Sunday, October 6, 2013

Why Jesus?

If you ask me why I am a Christian, I will say, “I was raised that way.”

My earliest memories of church were a Jehovah’s Witness church.  Why will they always survive a storm?  They’re always in doorways.

When we first moved to Mississippi, we attended a full gospel church.  The worship shook that itty bitty building.  People fell down, spoke in tongues, and generally got funky with it.  Nothing anybody can do in a church can ever surprise me.

For the past several years, we’ve attended an Assembly of God church sporadically.  Assembly of God is basically laid-back Pentecostal.  For a few years, I attended a Baptist youth group with one of my friends.  I did a Sunday school study of The Ragamuffin Gospel by Brennan Manning for a few weeks with a Methodist church.  

I’ll be honest because lying’s a sin:  I don’t like going to church.

I’m of a firm belief that going to church isn’t going to keep me out of hell.  It doesn’t get me brownie points with God, but He has better things to send me to hell over.  Like, refusing to give help when needed.  Like, being mean to my fatherless godkids.  Like being regular, misanthropic me.

A few weeks ago, I attended another Baptist church with my family.  My little brother, Vin, was going there for Awanas.  The Assembly of God church has no such programs for children, most of the congregation is older, and the preacher is, Lord forgive me, not very good.

I attended the Sunday school a few weeks before that.  I was one of the youngest ones in there.  So, that Sunday, I was going to wait out in the car and come in for the church service.

My boss’s wife attends that same church.  She came out to the car to retrieve me.  She even had the nerve to tell the class I thought they were old.

“Older than me,” I corrected.

One of which, I recognized from high school who was only a year ahead of me.  Older than me still, but not much older.  I’ll amend my statement by saying they’re all settled, married, with children, or children on the way.  Grown ups, where I was barely 21, still living at home, the whole nine yards.

Anyway, the Trail of Blood came up in the discussion this second time I attended.  Apparently, Baptists have been around a lot longer than the Reformation, and mean old Catholics were prosecuting them, et cetera et cetera.

“Why are you Baptist?” the teacher asked the class.

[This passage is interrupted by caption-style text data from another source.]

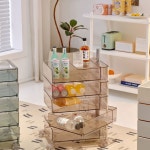 이동식 5단 카트 서랍장 보관함 트레이 트롤리 캐비닛 플라스틱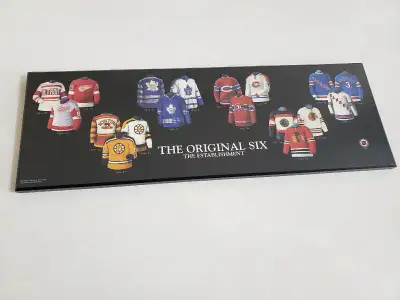 NHL the original six hockey teams jersey plaques, View more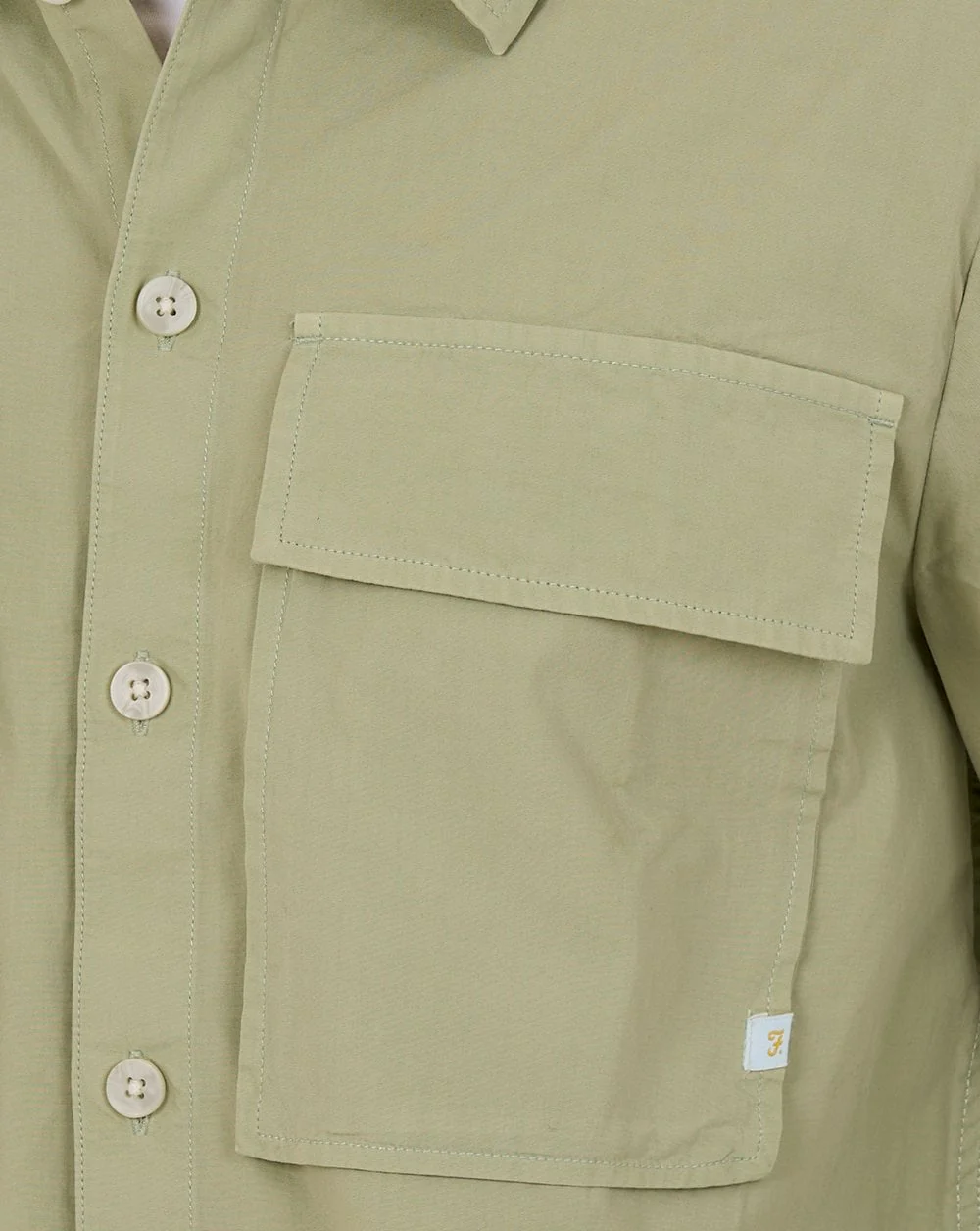 Farah Ralph Overshirt Green Shade - Image 8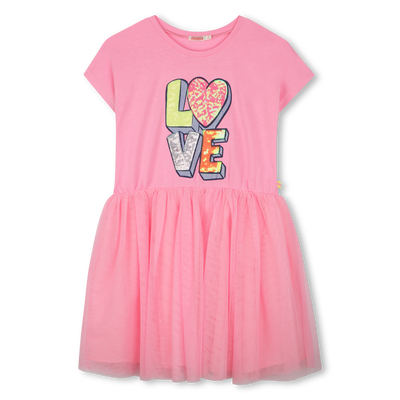 Jurk uit twee materialen BILLIEBLUSH GIRL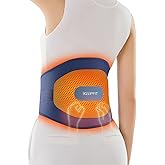 IKEEPFIT Portable Heating Pad for Back, Cordless Wearable Heat Belt with Massager for Lower Back Pain Relief, Battery Powered 8000 mAh Rechargeable, MAXwarm® 3.0, Gift for Women Men 90-310 lbs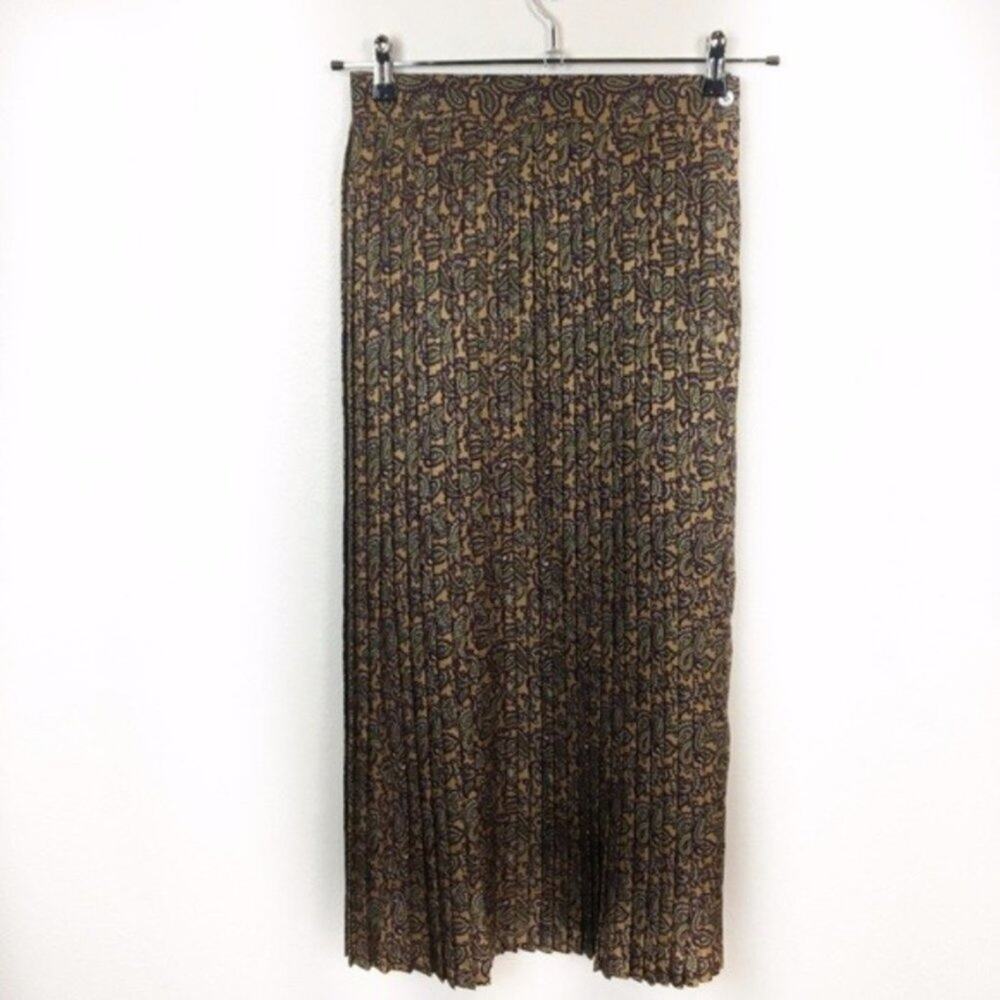 Wool Skirt Secretary Chic Freedberg Nordstrom Vintage Pleated Classic sz XS S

Most were raised that way.  One or two said that what the preacher at another church was saying in the pulpit wasn’t in the Bible they were supposed to be reading.  What followed was a discussion on why Baptists are the best denomination, and how awful all the others were.  

It wasn’t really like that, but to my non-dominational ear, that’s what it sounded like.

I’ve visited plenty of non-denom churches, although I’ve never been a member of one.  I’ve always kind of liked them:  they’re honest in that they don’t know what they are.  I’m non-denom at heart.  I’ve visited and been a member of too many different kinds of churches to not be.  No denomination is better than another.  They’re all just a little weirder the last.

Do you believe Christ is Messiah?  Then you are a Christian—follower of Christ.  So my definition goes.  Very mind-blowing, I know.

I was honest with my mother:  I don’t want to attend a church where Baptists believe they’re the only ones going to heaven.  I don’t see myself as a happy Baptist.  If the stereotypes about Baptists are true, “happy Baptist” is a contradiction in terms.

Salt of the earth, right here people.  It’s annoying.  And here’s the thing:  Christians, as a whole, aren’t special.

We’re not the only religion with a virgin birth—and I’m not talking about Star Wars.  Krishna was supposedly conceived without sex. 
SIDENOTE:  Hinduism is considered the oldest religion by historians.  That would put Hindic law being put down sometime after the Flood, but before Mosaic law was put down.  That’s only a a few chapters in the Bible, but while there are estimated dates on the Hebrews’ time in Egypt, there’s not much for an estimated date for Creation or the Flood.  The Christian’s world is estimated to be about 6,000 years at youngest and perhaps 10,000 at oldest—and that’s stretching it. 
The Egyptians were a polytheistic people when the Hebrews were there in slavery—pre-Moses.  Even earlier, in Abraham’s culture, it was perfectly acceptable for a servant to lie with her male master and produce a child.  What Sarah had Hagar do wasn’t frowned on by the neighbors.  A little farther down, Sodom and Gomorrah were godless, sinful cities.
Even on a biblical timeline, it could very well be true. Hinduism--and quite possibly other religions--is older than Mosaic law.
God is not younger than religion:  it’s possible.  Written law is a relatively new idea.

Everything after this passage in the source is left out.